All IPs > Graphic & Peripheral > Interrupt Controller
In modern electronic systems, managing and prioritizing multiple tasks and processes effectively is crucial. An interrupt controller plays a pivotal role in this by managing the interrupts that require the processor’s attention immediately. This category of semiconductor IPs provides essential functionalities to handle various interrupts efficiently, ensuring that electronic devices operate smoothly and responsively.
Interrupt controller semiconductor IPs are integral components within microcontrollers, microprocessors, and system-on-chips (SoCs). They help in orchestrating seamless communication between the processor and peripheral devices by managing interrupt signals. These IPs allow for the prioritization and queuing of interrupt requests, ensuring that critical tasks are addressed promptly. The efficient operations of multimedia devices, network processors, and graphic subsystems often rely on sophisticated interrupt controllers to handle INTERRUPTs with minimal latency.
The products within this category are designed to enhance performance, reliability, and power efficiency of electronic devices. In complex devices where multiple peripheral components are integrated, such as smartphones and tablets, or in high-performance computing systems, interrupt controllers ensure that system resources are used optimally without unnecessary delays. Developers can select from a variety of interrupt controller semiconductor IPs tailored to different applications, ranging from simple designs for low-power devices to advanced solutions for high-performance systems.

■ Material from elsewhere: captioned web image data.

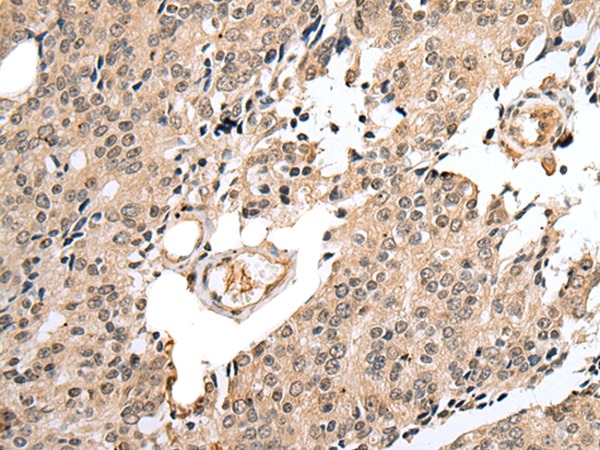 Rabbit Polyclonal Antibody to GTF2H2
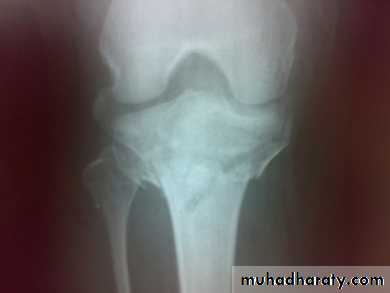 Lower limb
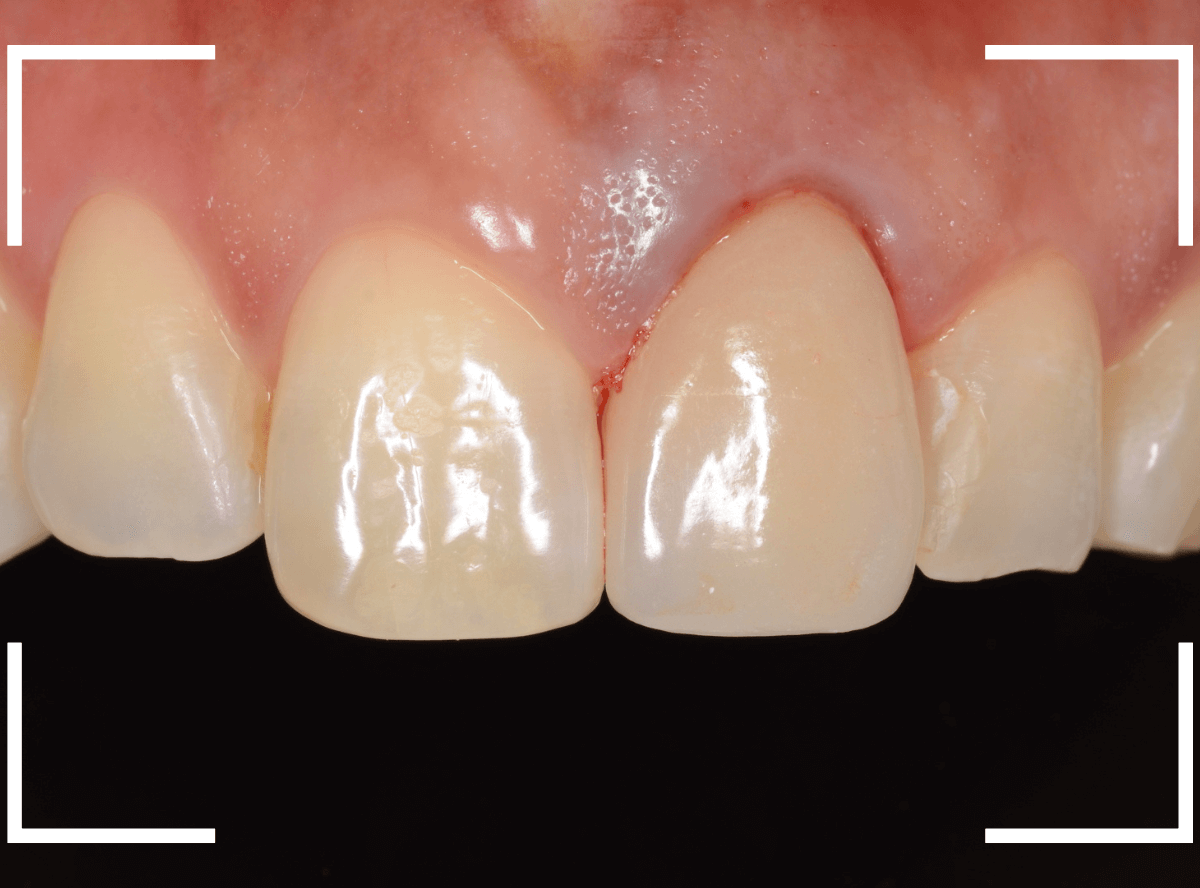 セラミック治療(前歯・クラウン)3-7
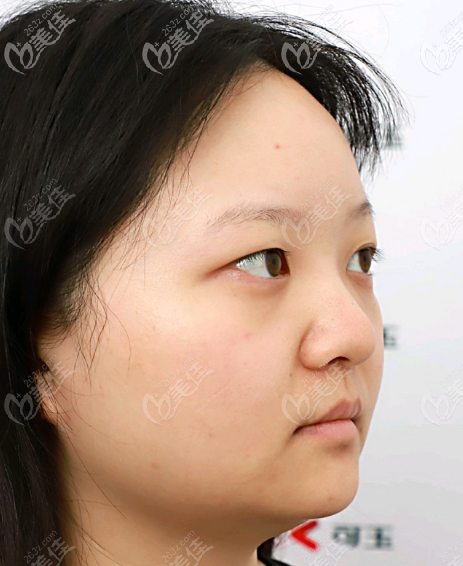 广州可玉整形医院双眼皮案例术前照片 广州可玉整形医院双眼皮案例术前照片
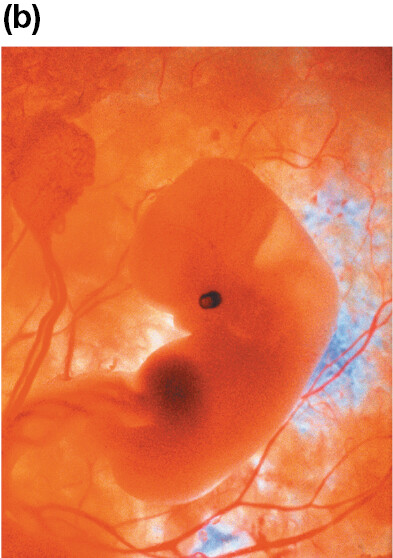 An Image shows an embryo in the amniotic sac. The fetus is barely formed and does not look like a human yet.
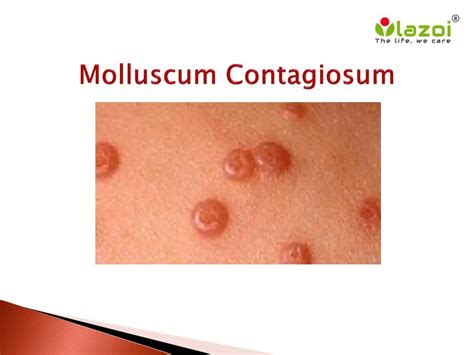 PPT Molluscum Contagiosum Symptoms Causes Diagnosis Treatment And Prevention PowerPoint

Moreover, these semiconductor IPs are vital for developers seeking to build scalable systems able to handle increased processing demands. By employing robust interrupt control mechanisms, systems can be built to adapt to a range of operational conditions, enhancing both user experience and system longevity. Thus, the right choice of interrupt controller IP can significantly influence the overall efficiency and effectiveness of electronic products across various industries.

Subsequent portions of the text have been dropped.